=== What to do ===
Copy out, from the entries below, each line holding the string "href".

=== Material shown ===
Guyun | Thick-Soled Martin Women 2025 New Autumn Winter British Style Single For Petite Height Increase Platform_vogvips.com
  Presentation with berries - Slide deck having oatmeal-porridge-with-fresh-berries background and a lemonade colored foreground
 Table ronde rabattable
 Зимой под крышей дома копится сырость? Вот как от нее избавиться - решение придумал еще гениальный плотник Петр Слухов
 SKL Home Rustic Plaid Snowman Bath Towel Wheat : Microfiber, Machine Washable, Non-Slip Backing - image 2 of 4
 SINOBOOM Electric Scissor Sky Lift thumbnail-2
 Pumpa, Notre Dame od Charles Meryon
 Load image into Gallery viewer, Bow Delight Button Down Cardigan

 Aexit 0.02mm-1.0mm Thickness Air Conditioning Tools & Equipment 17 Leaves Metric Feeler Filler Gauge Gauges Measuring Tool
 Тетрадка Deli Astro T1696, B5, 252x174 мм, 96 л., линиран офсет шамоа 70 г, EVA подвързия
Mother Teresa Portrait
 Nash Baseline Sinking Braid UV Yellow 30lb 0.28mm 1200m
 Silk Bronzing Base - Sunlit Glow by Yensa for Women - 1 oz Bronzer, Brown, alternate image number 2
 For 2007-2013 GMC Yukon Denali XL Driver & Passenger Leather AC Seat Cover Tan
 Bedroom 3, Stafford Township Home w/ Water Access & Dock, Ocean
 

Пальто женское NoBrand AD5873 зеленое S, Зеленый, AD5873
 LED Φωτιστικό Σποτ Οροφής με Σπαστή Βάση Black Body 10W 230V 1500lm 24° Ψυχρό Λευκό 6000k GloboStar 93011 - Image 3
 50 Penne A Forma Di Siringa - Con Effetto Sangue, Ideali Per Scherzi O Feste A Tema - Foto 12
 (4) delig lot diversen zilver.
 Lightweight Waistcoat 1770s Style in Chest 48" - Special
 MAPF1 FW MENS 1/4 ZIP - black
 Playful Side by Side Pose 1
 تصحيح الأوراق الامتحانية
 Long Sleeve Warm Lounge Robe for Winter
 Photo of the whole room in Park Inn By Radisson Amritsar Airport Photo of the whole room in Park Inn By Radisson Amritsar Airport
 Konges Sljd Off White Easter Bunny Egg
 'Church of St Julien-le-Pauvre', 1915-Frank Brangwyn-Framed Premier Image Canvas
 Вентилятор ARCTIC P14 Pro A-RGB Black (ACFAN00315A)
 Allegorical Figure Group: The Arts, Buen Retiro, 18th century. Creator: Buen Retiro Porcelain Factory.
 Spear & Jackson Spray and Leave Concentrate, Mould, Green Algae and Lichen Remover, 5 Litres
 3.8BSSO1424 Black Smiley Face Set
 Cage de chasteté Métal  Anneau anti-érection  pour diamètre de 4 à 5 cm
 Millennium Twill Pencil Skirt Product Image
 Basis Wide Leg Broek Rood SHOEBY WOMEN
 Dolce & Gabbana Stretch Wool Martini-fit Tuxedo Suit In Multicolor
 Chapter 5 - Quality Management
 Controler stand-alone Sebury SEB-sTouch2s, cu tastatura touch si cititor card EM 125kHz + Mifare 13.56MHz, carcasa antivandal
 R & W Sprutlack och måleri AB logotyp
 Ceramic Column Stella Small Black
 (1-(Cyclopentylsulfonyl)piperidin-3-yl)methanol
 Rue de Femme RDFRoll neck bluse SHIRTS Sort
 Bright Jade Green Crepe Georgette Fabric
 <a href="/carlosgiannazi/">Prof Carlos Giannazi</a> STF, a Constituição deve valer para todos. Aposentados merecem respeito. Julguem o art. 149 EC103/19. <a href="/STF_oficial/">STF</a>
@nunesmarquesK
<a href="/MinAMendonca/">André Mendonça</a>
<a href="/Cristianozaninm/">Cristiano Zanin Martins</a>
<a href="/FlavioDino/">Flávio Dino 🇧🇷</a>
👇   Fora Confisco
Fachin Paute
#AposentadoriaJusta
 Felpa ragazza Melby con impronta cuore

=== Result of this task ===
 <a href="/carlosgiannazi/">Prof Carlos Giannazi</a> STF, a Constituição deve valer para todos. Aposentados merecem respeito. Julguem o art. 149 EC103/19. <a href="/STF_oficial/">STF</a>
<a href="/MinAMendonca/">André Mendonça</a>
<a href="/Cristianozaninm/">Cristiano Zanin Martins</a>
<a href="/FlavioDino/">Flávio Dino 🇧🇷</a>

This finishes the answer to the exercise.